Malgré les années qui passent, Jack Schlegel retourne tous les ans en Normandie. Il est très attaché à cette région où il compte  de nombreux et vrais amis. 

En juin 1999 à Sainte Mère Eglise en compagnie d'Erwan, déjà fan des paras de la 82e.


Insigne Régimentaire du 508e PIR "The Red Devils"

Les Américains se regroupent progressivement, puis se portent après avoir fait le point vers Sainte Mère Eglise.
Le groupe rejoint d'autres éléments de l'unité sur la route de Picauville, près du chateau de Bernaville. C'est là qu'aura lieu l'embuscade, montée par le lieutenant Malcolm Brannen (Etat major/ 508e) et qui coutera la vie à Wilhlem Falley, commandant la 91e D.I de la Wermacht. Ce coup de main aura une incidence directe sur la suite des évènements dans le secteur d'Utah Beach, car il provoquera un flottement sensible dans le commandement de la division pendant plusieurs heures et retardera considérablement la contre attaque Allemande. A l'intérieur de la voiture de l'officier, Jack découvre un drapeau nazi qu'il cache dans une ferme et compte revenir le  chercher dans la journée (Aujourd'hui, ce drapeau est exposé au musée de Sainte Mère Eglise)
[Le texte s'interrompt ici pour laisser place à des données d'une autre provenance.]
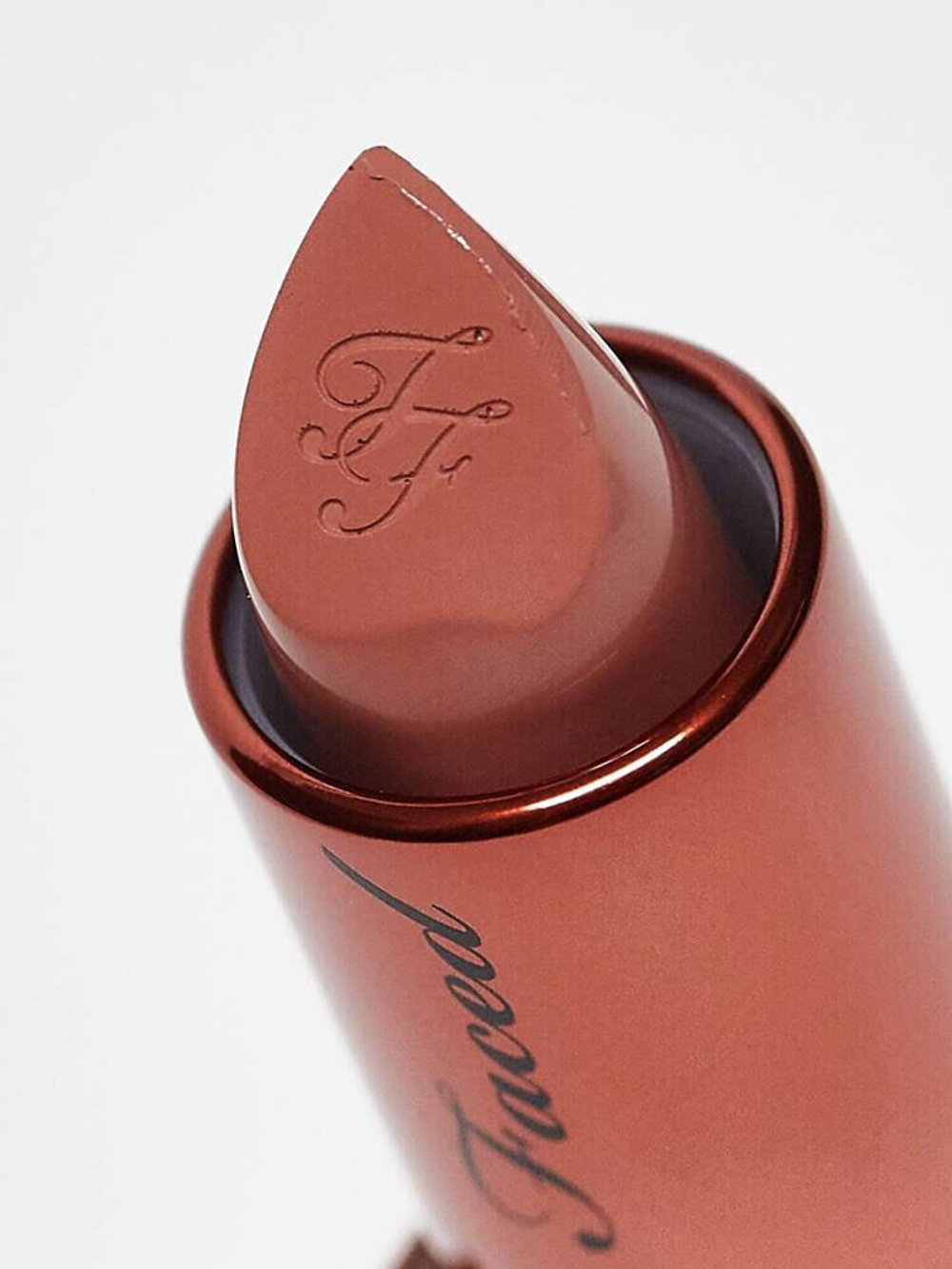 Губная помада Too Faced Cocoa Bold Em-power Pigment Cream Lipstick - Горячий шоколад 3.5 мл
Quelque temps plus tard, alors qu'ils ont fait trois prisonniers, Jack et ses camarades sont pris à partie par un char ennemi et des éléments d'infanterie ; l'un des captifs s'élance vers le blindé en criant de cesser le feu. Encerclés, les parachutistes se rendent. Le groupe est conduit dans la cour d'un chateau, en compagnie de 250 autres prisonniers Américains. Tous sont transférés dès le lendemain vers St Lô. Mais, durant le trajet,le convoi est mitraillé par l'aviation alliée. 110 hommes seront tués ou blessés. Jack tente de s'échapper à la faveur de la confusion provoquée par l'attaque ; il est repris aussitôt... Par ailleurs, il tentera deux autres évasions sans plus de succès. Il est envoyé à Rennes où il sert d'interprète au docteur Enzinger. Celui-ci lui apprend l'avancée des troupes du Général Patton et lui explique que la guerre est maintenant perdue. Il remet un Schlegel un laisser passer pour rejoindre un autre hôpital de Rennes ; le para en profite pour prendre le large et rejoint les résistants Bretons. Deux jours plus tard, il se trouve derrière les lignes alliées et aura même le rare privilège de savourer un whisky en compagnie de Patton. En retournant vers Utah Beach, il fait une halte à la ferme où le drapeau pris aux Allemands est dissimulé ; celui-ci s'y trouve toujours... Quelques jours plus tard, le 508e PIR est embarqué vers l'Angleterre avant d'être de nouveau parachuté en Hollande en septembre 1944. Jack sera de l'expédition avant de combattre dans les Ardennes.